**What is expected:** Every record should be written out exactly, please.

**Data in this exercise:**
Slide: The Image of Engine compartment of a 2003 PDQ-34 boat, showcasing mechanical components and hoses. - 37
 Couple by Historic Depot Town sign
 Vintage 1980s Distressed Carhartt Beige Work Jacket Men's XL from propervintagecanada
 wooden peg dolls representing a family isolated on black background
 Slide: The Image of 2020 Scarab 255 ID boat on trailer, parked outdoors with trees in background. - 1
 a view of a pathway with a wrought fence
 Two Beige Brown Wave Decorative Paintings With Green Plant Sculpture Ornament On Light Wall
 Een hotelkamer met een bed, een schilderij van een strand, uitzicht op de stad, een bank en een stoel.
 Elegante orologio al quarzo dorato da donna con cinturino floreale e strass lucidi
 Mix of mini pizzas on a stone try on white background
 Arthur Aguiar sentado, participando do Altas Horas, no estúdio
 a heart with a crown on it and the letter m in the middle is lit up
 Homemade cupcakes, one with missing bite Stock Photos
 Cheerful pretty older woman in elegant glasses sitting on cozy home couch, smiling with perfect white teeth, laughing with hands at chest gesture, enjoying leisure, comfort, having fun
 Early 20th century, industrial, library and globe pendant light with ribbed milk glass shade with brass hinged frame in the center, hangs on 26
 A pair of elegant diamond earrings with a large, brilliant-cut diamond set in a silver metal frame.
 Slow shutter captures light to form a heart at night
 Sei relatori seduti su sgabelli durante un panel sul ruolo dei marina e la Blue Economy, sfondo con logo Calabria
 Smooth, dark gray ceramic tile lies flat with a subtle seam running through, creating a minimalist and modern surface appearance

**Result of the task:**
Slide: The Image of Engine compartment of a 2003 PDQ-34 boat, showcasing mechanical components and hoses. - 37
 Couple by Historic Depot Town sign
 Vintage 1980s Distressed Carhartt Beige Work Jacket Men's XL from propervintagecanada
 wooden peg dolls representing a family isolated on black background
 Slide: The Image of 2020 Scarab 255 ID boat on trailer, parked outdoors with trees in background. - 1
 a view of a pathway with a wrought fence
 Two Beige Brown Wave Decorative Paintings With Green Plant Sculpture Ornament On Light Wall
 Een hotelkamer met een bed, een schilderij van een strand, uitzicht op de stad, een bank en een stoel.
 Elegante orologio al quarzo dorato da donna con cinturino floreale e strass lucidi
 Mix of mini pizzas on a stone try on white background
 Arthur Aguiar sentado, participando do Altas Horas, no estúdio
 a heart with a crown on it and the letter m in the middle is lit up
 Homemade cupcakes, one with missing bite Stock Photos
 Cheerful pretty older woman in elegant glasses sitting on cozy home couch, smiling with perfect white teeth, laughing with hands at chest gesture, enjoying leisure, comfort, having fun
 Early 20th century, industrial, library and globe pendant light with ribbed milk glass shade with brass hinged frame in the center, hangs on 26
 A pair of elegant diamond earrings with a large, brilliant-cut diamond set in a silver metal frame.
 Slow shutter captures light to form a heart at night
 Sei relatori seduti su sgabelli durante un panel sul ruolo dei marina e la Blue Economy, sfondo con logo Calabria
 Smooth, dark gray ceramic tile lies flat with a subtle seam running through, creating a minimalist and modern surface appearance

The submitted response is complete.